Dunia pun berputar lalu saya bersahabat dekat dengan seorang penulis yang menerbitkan buku bertema gay. Di mata saya, buku itu begitu bagus. Kemudian buku itu dibantai habis di sebuah media nasional sampai setengah halaman koran, hingga saya dan sang penulis bingung, kenapa sih ada orang bisa sejahat itu? Well, bukunya memang tidak sampai jadi masterpiece atau buku sempurna, tapi tetap saja tidak layak diperlakukan sekeji itu.
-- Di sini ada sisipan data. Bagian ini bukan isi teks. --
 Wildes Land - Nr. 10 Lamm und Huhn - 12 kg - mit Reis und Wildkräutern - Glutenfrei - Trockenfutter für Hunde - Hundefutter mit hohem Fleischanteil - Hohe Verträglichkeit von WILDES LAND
Dua kejadian ini membuat saya belajar banyak tentang selera pembaca. Bagaimana satu karya yang dilemparkan ke ruang publik menjadi satu karya yang bisa menimbulkan multitafsir. Bagaimana sesuatu yang dianggap bagus, bisa dianggap sebagai telur busuk oleh orang lain. Demikian pula sebaliknya. Saya sadar saya tidak bisa memaksakan kehendak dan pendapat saya terhadap satu karya agar orang juga ikutan sependapat dengan saya, karena selera itu amat berbeda sesuai pribadi masing-masing.
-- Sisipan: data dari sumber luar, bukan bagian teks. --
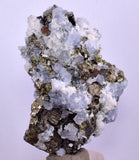 6.1cm  BLUE DOLOMITE SELLAITE CRYSTALS CHALCOPYRITE QUARTZ CALCITE PERU GB30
Bagaimana seseorang menilai suatu karya dipengaruhi oleh banyak hal. Bagaimana cara dia dibesarkan, masa lalunya, hobinya, lingkungannya, dll. Saya adalah pecinta buku fiksi dan belajar banyak dari buku-buku itu. Saya dibesarkan oleh buku-buku Mira W., Sidney Sheldon, Lima Sekawan, HC. Andersen dari perpustakaan sekolah. Semasa remaja saya menggali jiwa feminis saya bersama buku Nawal El-Sadawi dan Louisa May Alcott, belajar memberontak bersama JD. Salinger, dan perih bersama buku Elie Weisel. Tanpa melupakan cinta lama, saat ini saya sedang belajar mencintai buku remaja dan komik novel grafis, Neil Gaiman, Frank Miller, Alan Moore, dll.
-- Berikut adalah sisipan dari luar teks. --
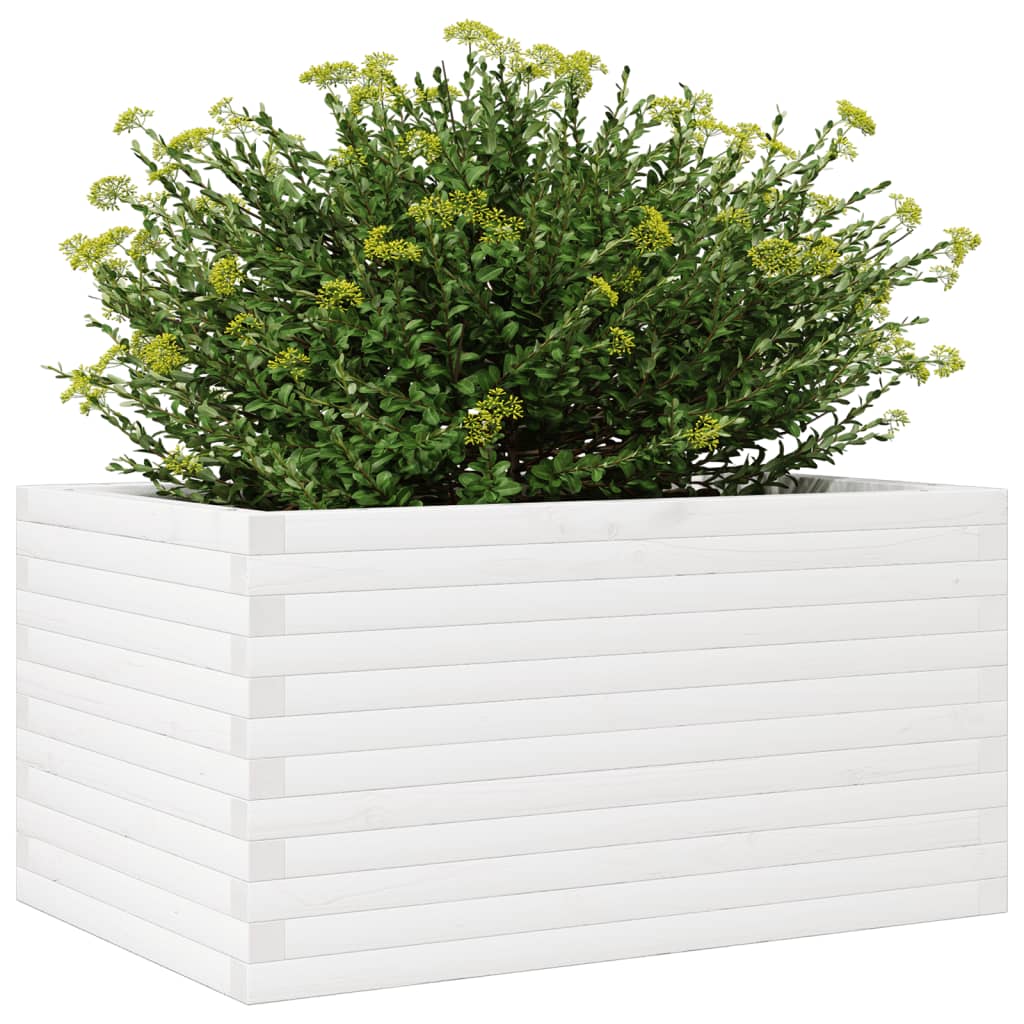 Jardinera De Madera Maciza De Pino Blanco 90x60x46 Cm_3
Kini tidak ada satu hari pun yang saya lewatkan tanpa membaca dan saya masih terus haus mencari bacaan bagus, terutama fiksi. Saya jatuh cinta pada buku fiksi karena kemampuannya membuat saya belajar, terpukau, tertawa, atau menangis. Uniknya, saya hanya punya sedikit koleksi buku---mungkin jumlahnya cuma seratusan yang saya anggap personal best---karena sering kali selesai membaca saya memberikan buku itu buat orang lain supaya ikut merasakan bahagia yang saya rasakan.

Itu pula salah satu tujuan dari blog ini, berbagi kebahagiaan yang saya rasakan ketika membaca buku yang mengandung unsur LGBT yang membuat perasaan saya meluap-luap. Bukan berbagi kebencian terhadap satu karya. Saya tidak ingin membagi keburukan atau kekesalan di sini, tapi berusaha membagi kebaikan. Tolong ingatkan saya pada postingan ini jika seandainya suatu hari saya lupa dan marah.

Yang harus diasah adalah kemampuan pembaca memilah mana buku bagus dan mana buku jelek (paling tidak untuk dirinya sendiri). Dan saya tidak mau jadi penentunya, karena bisa saja selera kita berbeda, kan? Tapi saya yakin buku yang bagus akan bertahan abadi, dan menyentuh hati banyak pembacanya. Mengutip perkataan seorang sahabat baik saya, “Buku yang bagus akan menemukan pembacanya sendiri.” Blog ini berupaya menjadi penunjuk jalan dan sisanya adalah kehendak bebas pembaca yang membaca resensi buku di sini.